-- Opening Marker --

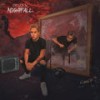 Nightfall (Explicit) - Dozen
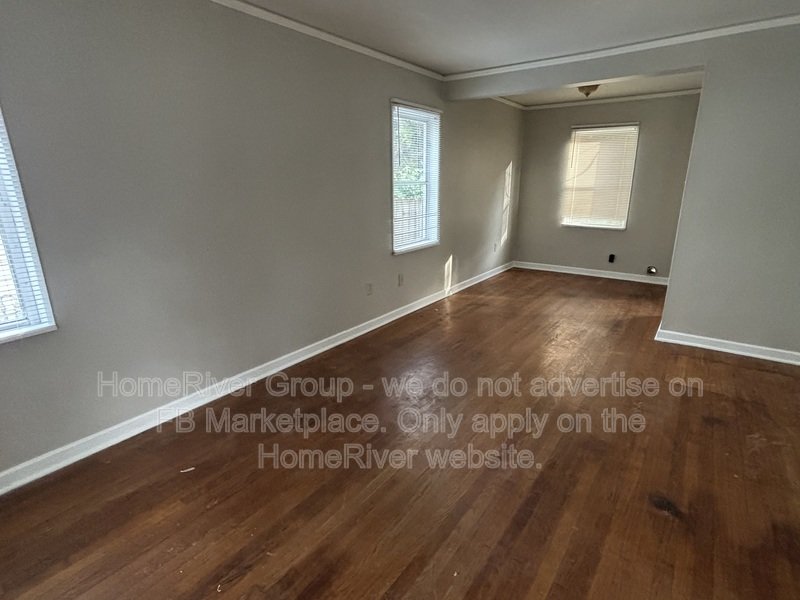 Pet-Friendly! 4277 Boyce Ave property image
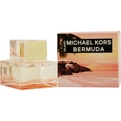 ISLAND BERMUDA MICHAEL KORS Perfume by Michael Kors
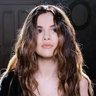 Esha🦋 profil fotoğrafı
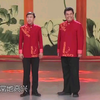 我是动画迷下载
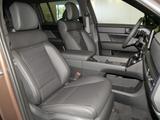 Hyundai SANTA FE Plug-In-Hybrid 4WD Blackline Navi LED - Hyundai SANTA FE in Mainz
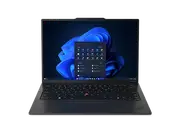Lenovo ThinkPad X1 Carbon Gen 12
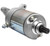 QuadBoss 94-95 Polaris 300 2x4 (04) Motor Starter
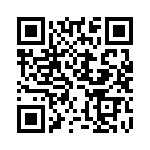 MDM-9PBRP-A172 QRCode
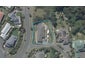 26 Leithton Close, Glenleith, Dunedin - Carousel 1
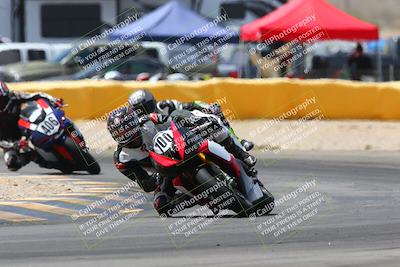 media/Apr-10-2022-SoCal Trackdays (Sun) [[f104b12566]]/Turn 2 (1135am)/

-- Closing Marker --

■ **Aim of the exercise**
The expected output is each entry given again word for word, with pictures dropped.

■ **Answer area**
 Nightfall (Explicit) - Dozen
 Pet-Friendly! 4277 Boyce Ave property image
 ISLAND BERMUDA MICHAEL KORS Perfume by Michael Kors
 Esha🦋 profil fotoğrafı
 我是动画迷下载
 Hyundai SANTA FE Plug-In-Hybrid 4WD Blackline Navi LED - Hyundai SANTA FE in Mainz
Lenovo ThinkPad X1 Carbon Gen 12
 QuadBoss 94-95 Polaris 300 2x4 (04) Motor Starter
 MDM-9PBRP-A172 QRCode
 26 Leithton Close, Glenleith, Dunedin - Carousel 1
 media/Apr-10-2022-SoCal Trackdays (Sun) [[f104b12566]]/Turn 2 (1135am)/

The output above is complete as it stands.